For decades, a number of human rights organizations, tribal groups and international religious leaders — not to mention Hollywood celebrities — argued for freedom for the now 80-year-old Peltier, arguing that he was wrongly convicted.
In 2021, their ranks were joined by James Reynolds, a former prosecutor in the case, who said he believed the government did not make its case against Peltier.
However, the FBI and several law enforcement groups repeatedly opposed such a move, maintaining that Peltier was little more than a cold-blooded killer who should remain behind bars.
The pressure for Biden to intervene grew particularly intense after the election.
First, more that two dozen members of Congress wrote the president, asking him to “rectify the grave injustice” of Peltier’s conviction.
Then, earlier this month, more than 120 former and current tribal leaders signed a letter formally asking for Peltier’s release on the grounds of his failing health, his advanced age and the number of years he’s been imprisoned.
On Monday, Biden commuted Peltier’s life sentence “so that he serves the remainder of his sentence in home confinement.”
“This commutation will enable Mr. Peltier to spend his remaining days in home confinement but will not pardon him for his underlying crimes,” the White House said.
“It’s finally over — I’m going home,” Peltier said through the NDN Collective, an indigenous-led nonprofit advocacy group.
“I want to show the world I’m a good person with a good heart. I want to help the people, just like my grandmother taught me,” he added.
The context that led to both the agents’ deaths and Peltier’s conviction is almost lost to time. As was the case in many other segments of society, tensions were at an all-time high between the federal government and activists — in this case Native Americans — who believed they were being denied their civil and legal rights.
The agents’ deaths came at a time when tensions were high over a nationwide struggle between the U.S. government and activists for Native American civil and treaty rights.
The tensions came to a head in February 1973, when members of a group called the American Indian Movement and other like-minded indigenous people took over the small town of Wounded Knee, South Dakota.
To the protestors, Wounded Knee had a sacred significance, having been the site, in December 1890, of the massacre of nearly 300 Lakota people at the hands of the U.S. Army.
The 1973 standoff between the AIM and federal and local law enforcement lasted 71 days, but even after it ended, a wave of violence persisted at the Pine Ridge Indian Reservation that encompassed it.
On June 26, 1975, FBI Special Agents Ronald Williams and Jack Coler drove onto the reservation, searching for a man wanted for questioning in connection with a recent assault of two ranch hands and the theft of a pair of boots.

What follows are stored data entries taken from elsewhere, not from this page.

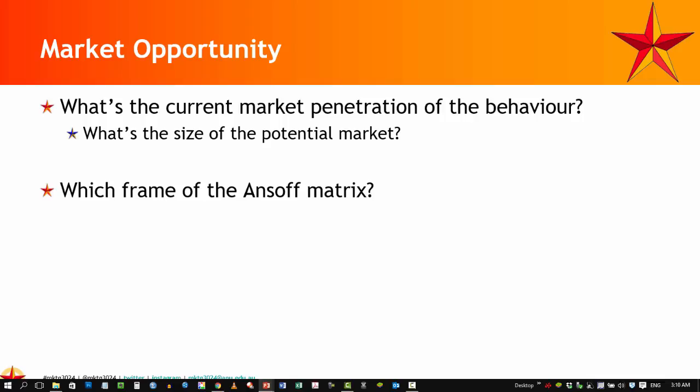We kick this off by looking at the market opportunity as the opening number. This brings us the idea of how widespread our behavior is. As a social marketer, you look at this in two ways: what is the current market penetration of the behavior we want to change, and what is the current market penetration of the new or different or alternative behavior we want to introduce?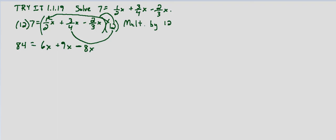And you can do that in any order you want. 12 times 2 is 24, divided by 3 is 8, or 12 divided by 3 is 4. If you divide the 3 in the denominator of 2 thirds first, and then 4 times 2 is 8.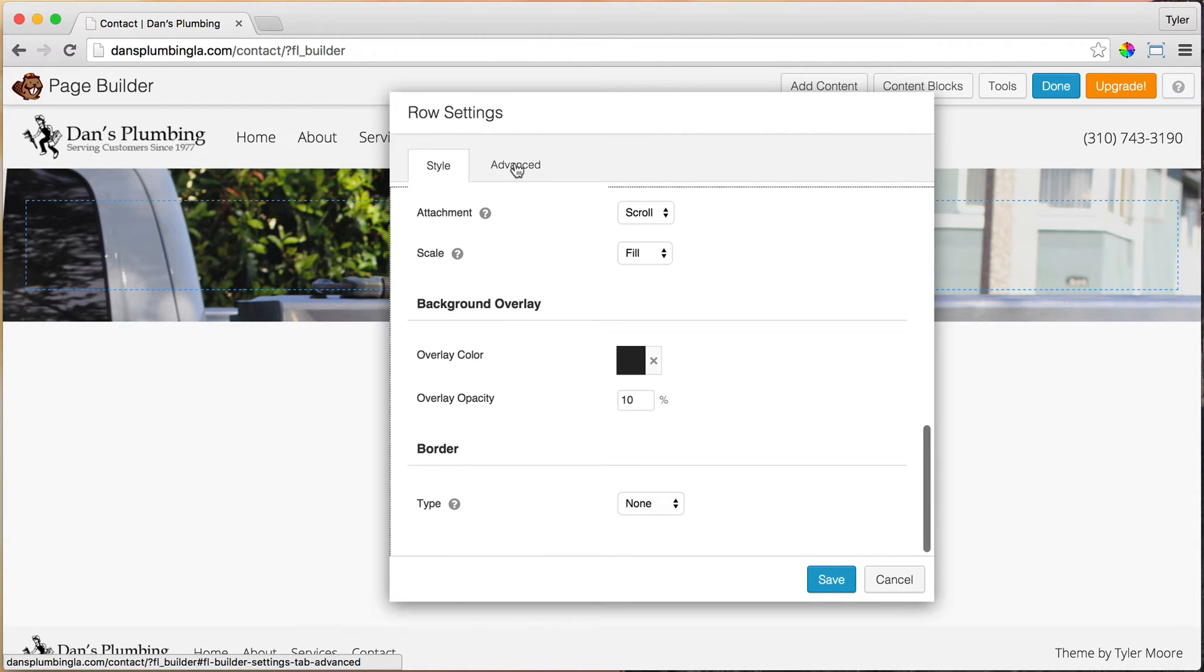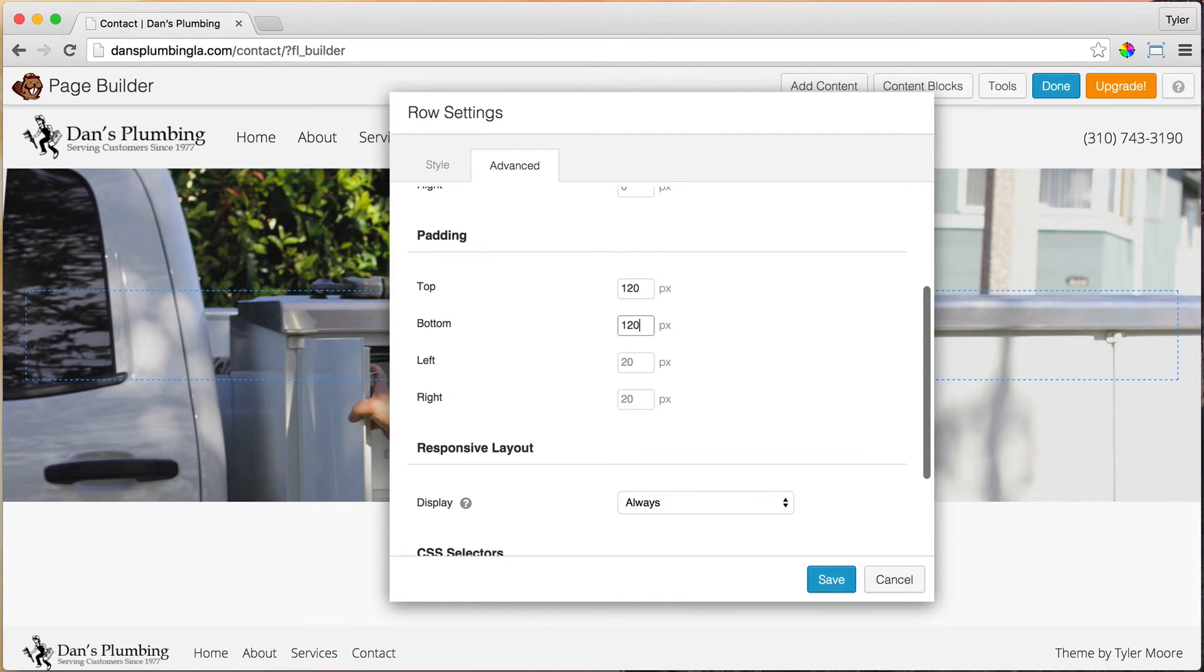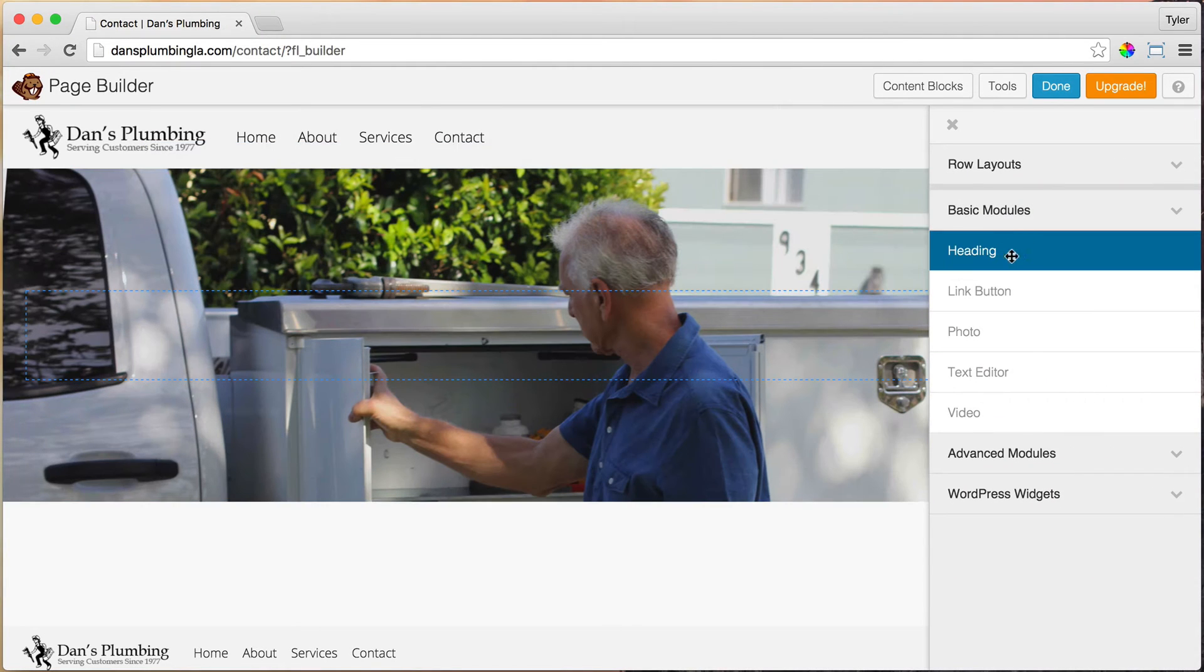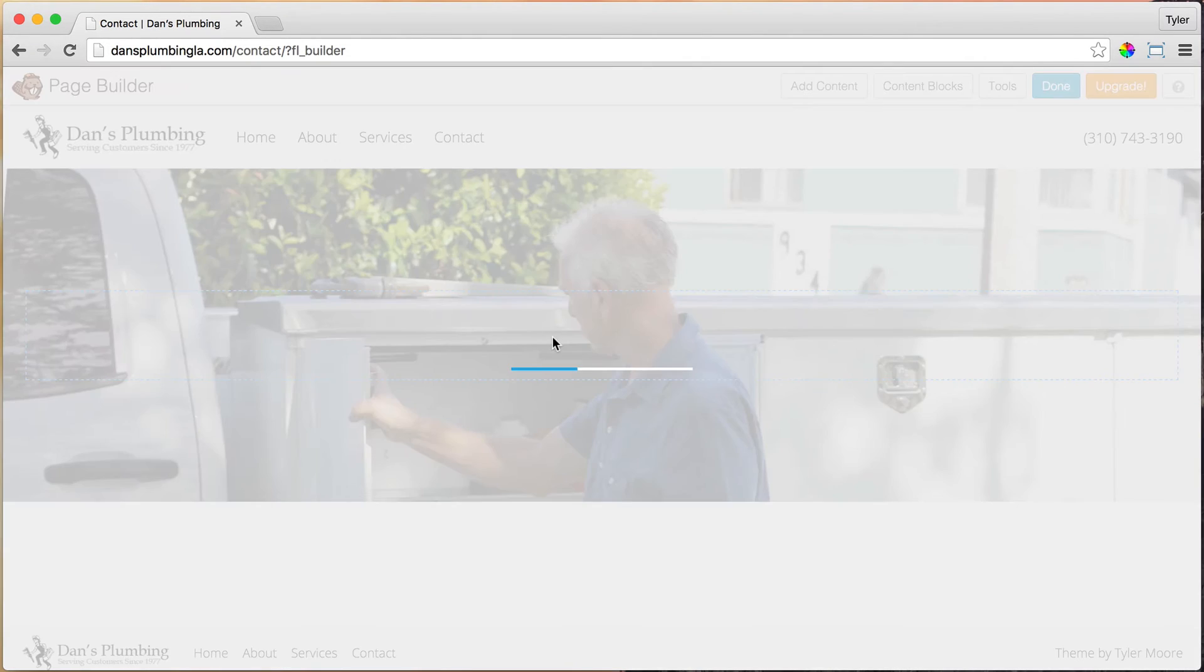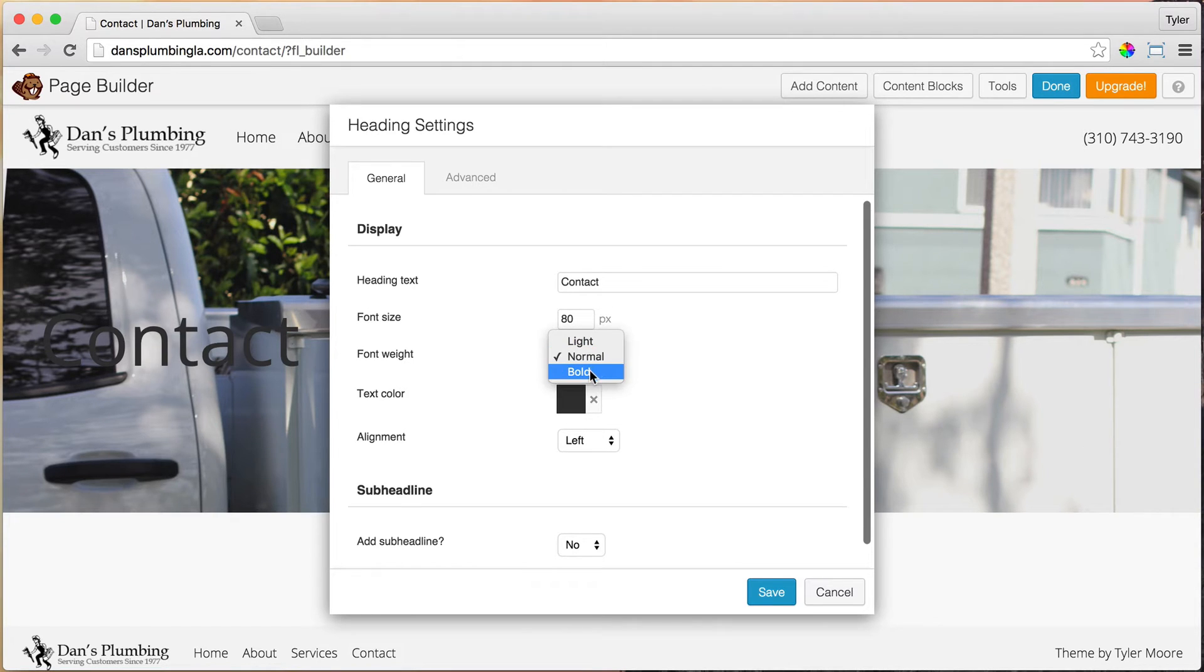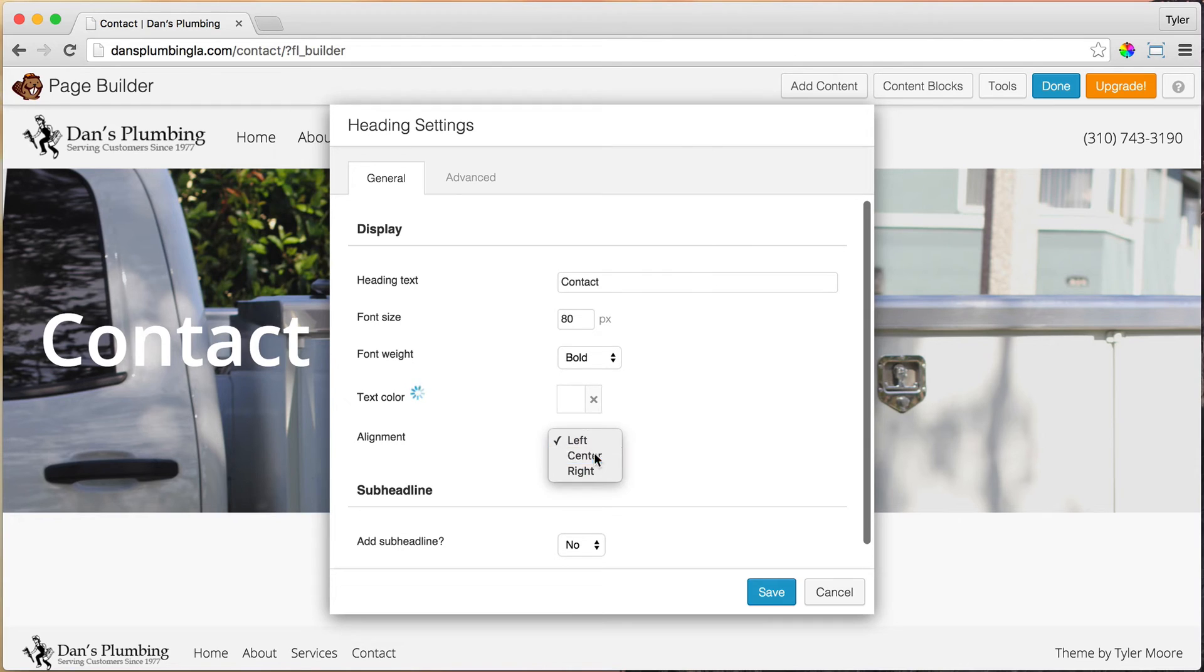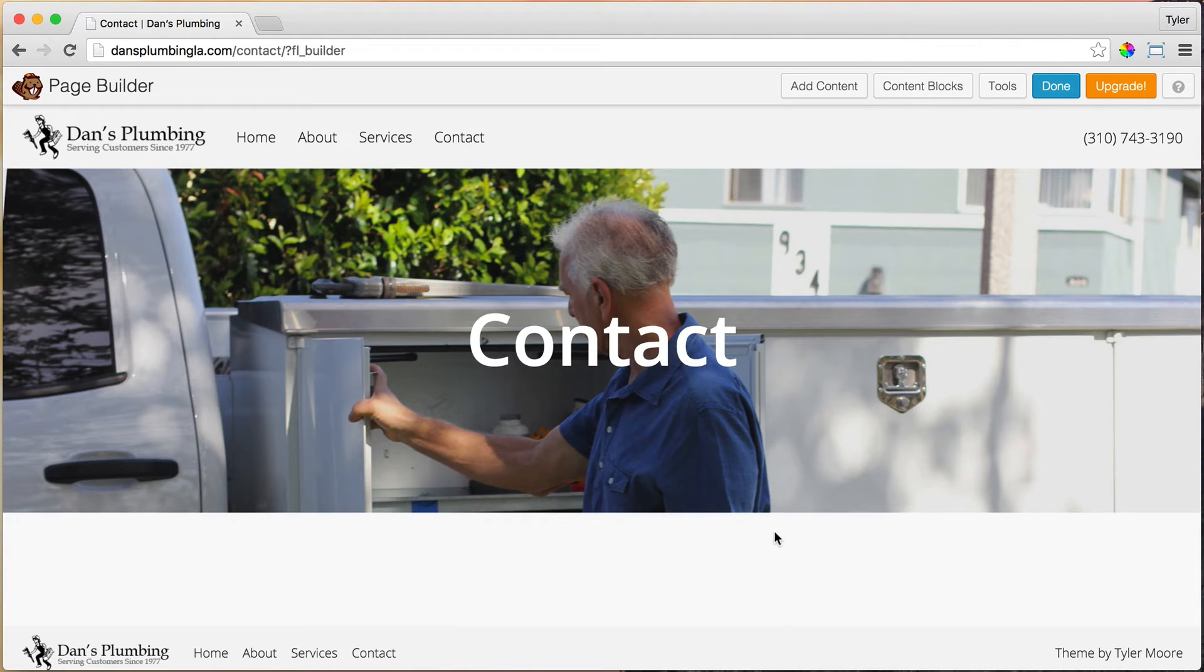After we do that, we can go to Advanced and add padding to the top and bottom just to give it a little more space, 120 and 120. Then press Save and go to Add Contact Content and drag in a heading, right in the middle. Let's call this Contact, and let's make it 80 pixels tall so it's a little bigger. Let's make it bold and the color white and Alignment Center. I'm going a little faster because you guys have done this before. Press Save. That looks pretty good.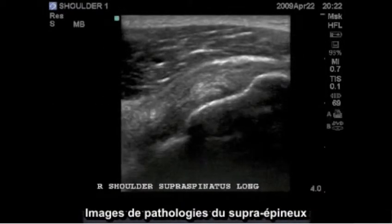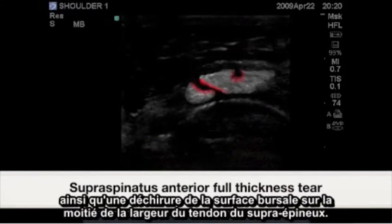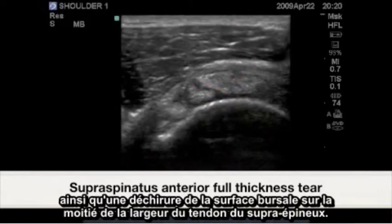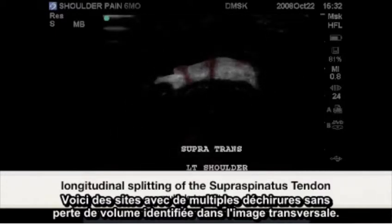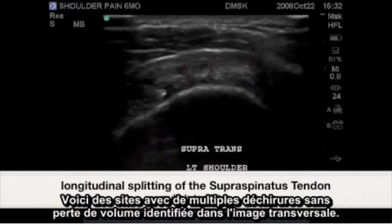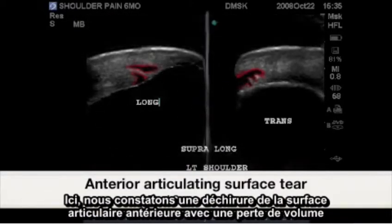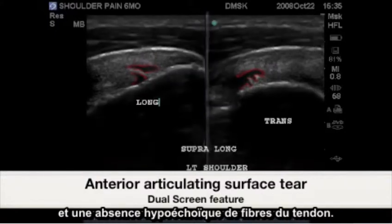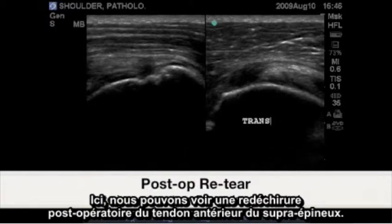Supraspinatus pathological images. This image demonstrates an anterior full thickness tear as well as a bursal surface mid-segment tear of the supraspinatus tendon. Here we have multiple tear sites with no volume loss identified in the transverse image. Here we have anterior articular surface tearing demonstrating volume loss as hypoechoic absence of tendon fibers. Here we have post-operative re-tear of the anterior supraspinatus tendon.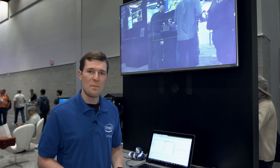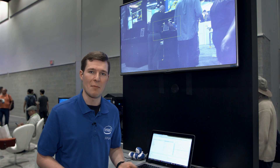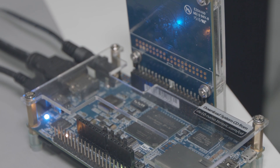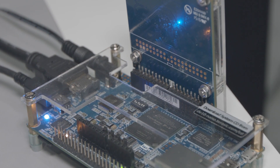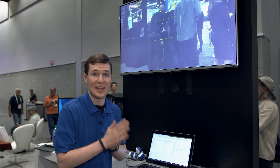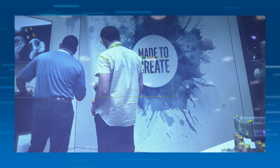An FPGA is like a digital logic sandbox that lets you generate any kind of digital logic function you want, unlike a CPU or a GPU where the architecture is fixed and can't change. High-level synthesis lets you generate this logic architecture using a familiar language like C++.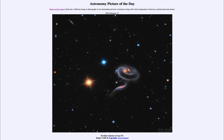is titled Peculiar Galaxies of Arp 273. So what do we see here? Well, this is a set of galaxies known as Peculiar Galaxies.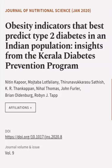This article was authored by Nitin Kapoor, Mojtaba Lotfaliany, Thirunavukkarasu Sathish, and others.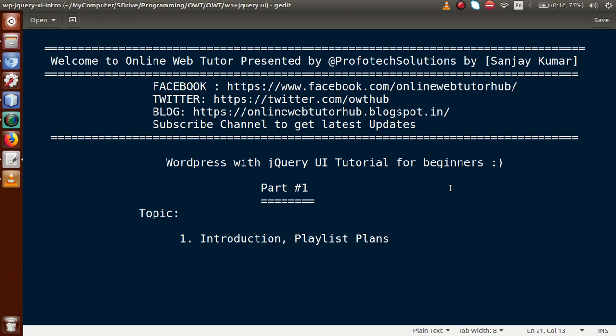Hello guys, welcome to Online Web Tutor presented by Pro for Tech Solutions team. I am Sanjay. This is the new playlist that I have created for you: WordPress with jQuery UI tutorial for beginners. This is basically our first part. In this video session we will discuss about the introduction and what the execution plans for this playlist will be. If you are a beginner to this channel, please don't forget to subscribe.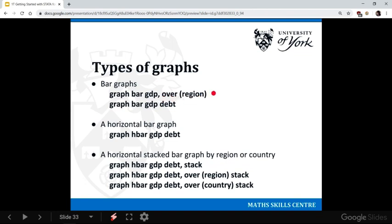Now to do that you use the command over. It doesn't quite make sense in my head why it should be over. I can kind of see it. But if you want to group your data, this is the command you use.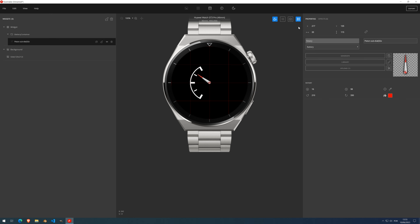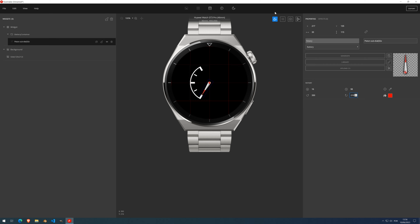If you want the hand to go in the opposite direction, you can simply invert the values — set start to 330 and end to 210. Pressing play shows the hand now starts from the other angle and ends on the first one. So inverting the values reverses the direction of travel.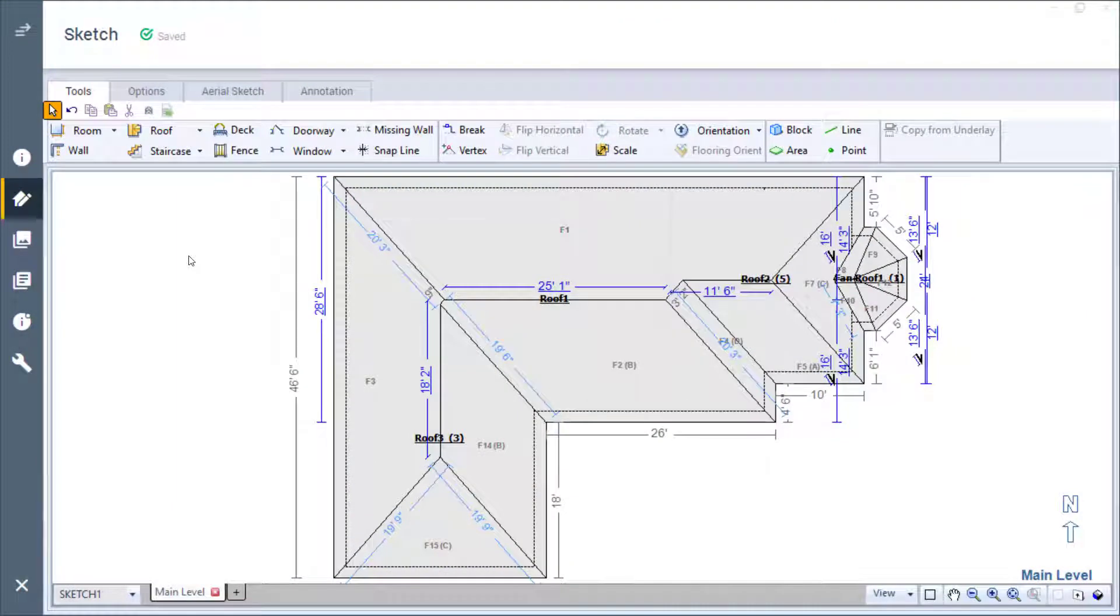In this video, I teach how to add a dormer to an existing roof in Sketch and how to merge it into an existing main roof.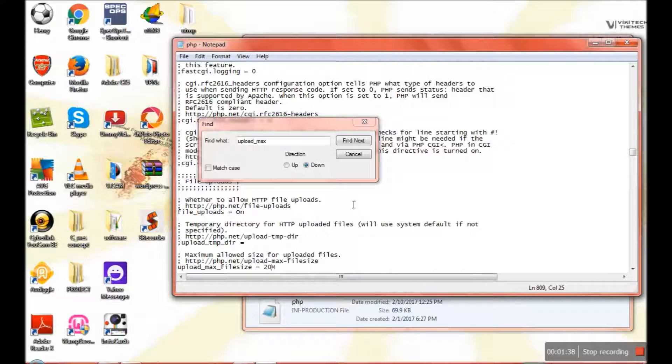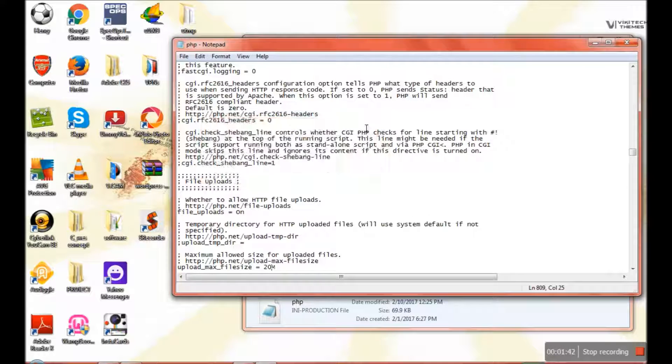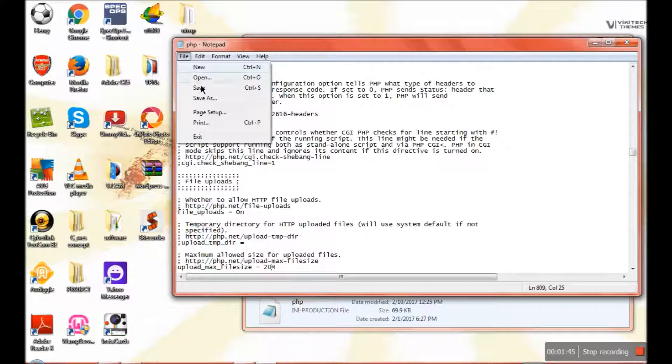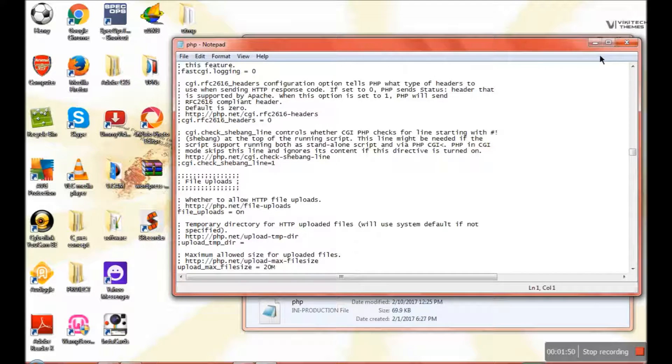Then save the file. That's all you have to do to increase it.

Driving in separate unmarked cars, Williams and Coler began following a Chevy Suburban carrying three occupants, one of them being Peltier. When the three men later exited the Suburban, a fire fight ensued.
Williams radioed for reinforcements, but the agents were dead before help came. Peltier escaped to Canada, but was later captured by the Royal Canadian Mounted Police.
Though Peltier maintained his innocence from the start, he was the only person convicted in connection with the agents’ deaths. The two other men in the truck, activists like himself, were also charged in the murders but were acquitted on evidence Peltier’s defense was not allowed to present.
Peltier was given two life sentences, without the possibility of parole. He later escaped from federal prison, but was quickly recaptured.
Nick Tilsen, the executive director of NDN Collective, said Peltier’s freedom was a direct result of 50 years of “intergenerational resistance, organizing and advocacy.”
“Leonard Peltier’s liberation is our liberation — we will honor him by bringing him back to his homelands to live out the rest of his days surrounded by loved ones, healing, and reconnecting with his land and culture,” Tilsen said.
“Let Leonard’s freedom be a reminder that the entire so-called United States is built on the stolen lands of indigenous people — and that indigenous people have successfully resisted every attempt to oppress, silence and colonize us,” continued Tilsen. “The victory of freeing Leonard Peltier is a symbol of our collective strength — and our resistance will never stop.”
But not everyone agreed with Biden’s decision.
Among them was South Dakota Attorney General Marty Jackley.
“The Attorney General’s Office strongly opposes this action and has in recent months argued against any change in the defendant’s sentence,” Jackley said.
Peltier, he continued, “was convicted in the 1975 cold-blooded murders of FBI Special Agents Ronald Williams and Jack Coler on the Pine Ridge Reservation. That conviction has been reviewed and upheld by no fewer than 22 federal judges since then.
“Former Gov. Janklow, who was attorney general at the time of the murders, also opposed any reduction or change in sentence,” Jackley said. “I was the prosecutor in the Annie Mae Aquash murder trial that elicited the testimony from the witness recounting how Peltier described in his own words executing the FBI Special Agent by shooting him through his hand raised to protect himself into the face. The Attorney General’s Office will continue to stand with, and protect, law enforcement.”